NeuroMorse: A Temporally Structured Dataset For Neuromorphic Computing

NeuroMorse: A Temporally Structured Dataset For Neuromorphic Computing
Notice: This research summary and analysis were automatically generated using AI technology. For absolute accuracy, please refer to the [Original Paper Viewer] below or the Original ArXiv Source.

Neuromorphic engineering aims to advance computing by mimicking the brain’s efficient processing, where data is encoded as asynchronous temporal events. This eliminates the need for a synchronisation clock and minimises power consumption when no data is present. However, many benchmarks for neuromorphic algorithms primarily focus on spatial features, neglecting the temporal dynamics that are inherent to most sequence-based tasks. This gap may lead to evaluations that fail to fully capture the unique strengths and characteristics of neuromorphic systems. In this paper, we present NeuroMorse, a temporally structured dataset designed for benchmarking neuromorphic learning systems. NeuroMorse converts the top 50 words in the English language into temporal Morse code spike sequences. Despite using only two input spike channels for Morse dots and dashes, complex information is encoded through temporal patterns in the data. The proposed benchmark contains feature hierarchy at multiple temporal scales that test the capacity of neuromorphic algorithms to decompose input patterns into spatial and temporal hierarchies. We demonstrate that our training set is challenging to categorise using a linear classifier and that identifying keywords in the test set is difficult using conventional methods. The NeuroMorse dataset is available at Zenodo, with our accompanying code on GitHub at https://github.com/Ben-E-Walters/NeuroMorse.


💡 Research Summary

The paper “NeuroMorse: A Temporally Structured Dataset For Neuromorphic Computing” addresses a critical gap in the evaluation of neuromorphic computing systems. While neuromorphic engineering aims to leverage the brain’s efficient, event-driven, and temporally precise processing, most existing benchmarks are derived from static spatial datasets (like MNIST) or event-based datasets where temporal information is not crucial for task performance. This fails to capture the unique strengths of spiking neural networks (SNNs) in processing time-encoded information.

To bridge this gap, the authors introduce NeuroMorse, a novel dataset explicitly designed to prioritize temporal structure over spatial complexity. The core idea is to encode information purely in the timing of spikes. The dataset is generated by converting the top 50 most frequent English words into temporal Morse code sequences. Morse code’s dots (·) and dashes (-) are mapped to only two input spike channels. The complexity arises from the hierarchical temporal structure: specific, fixed time intervals are inserted between consecutive dots/dashes within a character (5 timesteps), between characters within a word (10 timesteps), and between words (15 timesteps). This creates nested temporal patterns that algorithms must decompose.
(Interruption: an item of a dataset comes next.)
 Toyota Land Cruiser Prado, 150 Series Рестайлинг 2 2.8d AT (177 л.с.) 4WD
The dataset consists of a training set (individual sequences for the 50 keywords) and a more challenging test set. The test set is generated from a corpus of Simple Wikipedia sentences, forming a continuous spike stream. The primary task is to detect the occurrence and location of the 50 keywords within this stream, moving beyond simple classification to temporal pattern discovery in a continuous signal. To enhance realism and robustness testing, the authors introduce three types of noise—spike dropout (omission), temporal jitter (Gaussian shift in spike timing), and additive Poisson spike trains—each at three levels (None, Low, High), resulting in 27 total dataset variations.

Preliminary experiments demonstrate the dataset’s difficulty and its departure from conventional problems. A simple linear classifier based on the membrane potential trace of a single leaky integrate-and-fire (LIF) neuron receiving the two input channels achieved only 4% accuracy (2 out of 50) on the training set, barely above chance. Furthermore, a basic unsupervised network using spike-timing-dependent plasticity (STDP) with lateral inhibition struggled to reliably identify keywords in the test stream. These results underscore that NeuroMorse requires learning capabilities that go beyond simple spatial feature extraction or rate-based coding, demanding genuine temporal sequence processing.
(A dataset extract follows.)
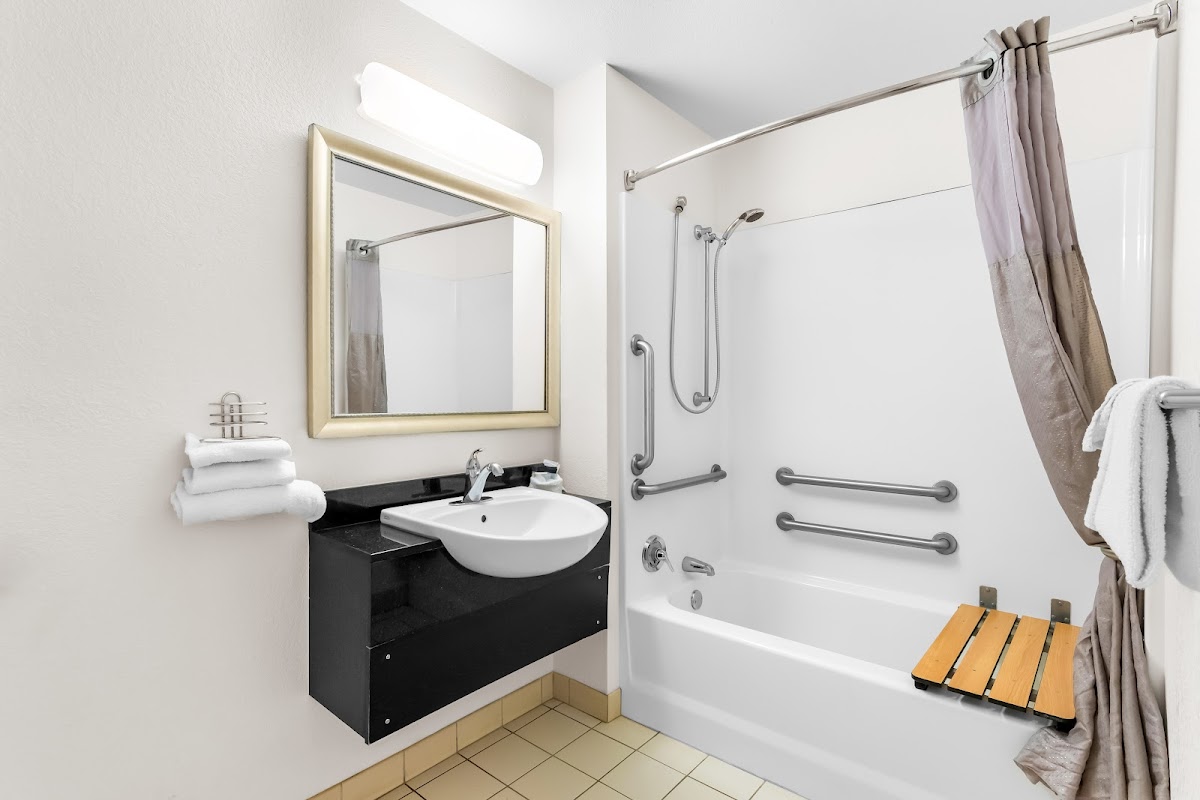 Americas Best Value Inn Stillwater Hotel 3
In summary, NeuroMorse is a purpose-built benchmark that forces neuromorphic algorithms to engage with information encoded in precise temporal hierarchies. By minimizing spatial dimensions (only 2 channels) and maximizing temporal structural complexity, it provides a valuable tool for developing and evaluating SNNs on their core promised advantage: efficient processing of time-based patterns. The dataset, available in HDF5 format on Zenodo with code on GitHub, is positioned to stimulate progress in temporal learning algorithms for neuromorphic computing.